Bruce Mason Theatre
Reviewer: Bernadette Rae
The Ballet on tour has obviously got to be portable, prepared to fit a frightening variety of stages to be encountered the length and breadth of New Zealand. The company is also divided in two, enabling it to be at 46 venues in a six-week touring period.
It is an enormous tribute to the organisation that they can not only cover this sort of ground logistically, but artistically turn up on the night looking not half bad.
There is a little something for everyone, from the strictly classical Flower Festival Pas de Deux, choreographed by August Bournonville in 1858, and Marius Petipa's Raymonda Divertissement, to three contemporary works by young New Zealand choreographers: Shannon Dawson's energetic celebration of love, Mahahrahja; Raewyn Hill's beautiful Ocean of Tears and Cameron McMillan's ravishing tango, Unsuspecting View.
With the new commission from English wunderkind Christopher Hampson it is an evening of considerable range and substance.
Hampson's Saltarello is a sexy and highly significant addition to the Ballet's repertoire, a marvellously modern explosion of movement set to ancient music that manages to sound Indian, Celtic and Italian all at once. Dramatically costumed in slinky little swooshes of black, pierced with dramatic silver, it embodies a sharp, 21st-century originality in perfect, classical technique.
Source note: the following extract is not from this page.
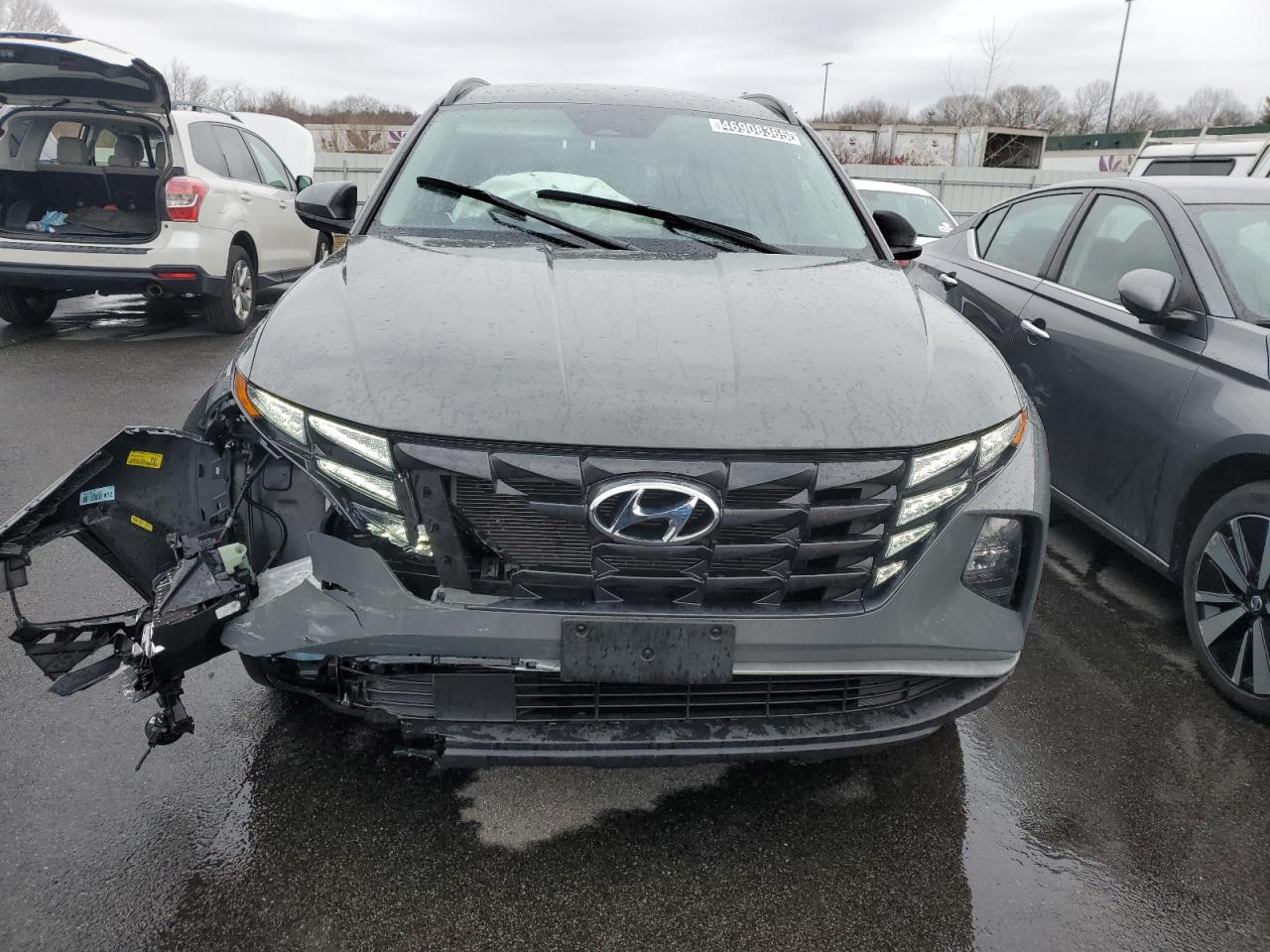 2024 HYUNDAI TUCSON SEL VIN:5NMJBCDE8RH350012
It was almost perfect at the Bruce Mason Theatre on Friday night. The girls were great. Pieter Symonds, Jane Turner, Nadine Tyson, Yo Otaki and Satsuki Sejima all met the drama of the music and Hampson's concept, based on The Decameron, with the fire, energy and vibrant personality required and with awesome speed and precision.
The boys tried hard, with Alex Wagner making a pretty good fist of it. But somehow, with that one exception, they remained "boys," never quite goaded into full testosterone territory. It matters, because the piece counts on the chemical flash generated by pairs of dancers.
Another month on the road might be just what is needed to toughen - and tauten - them up a bit.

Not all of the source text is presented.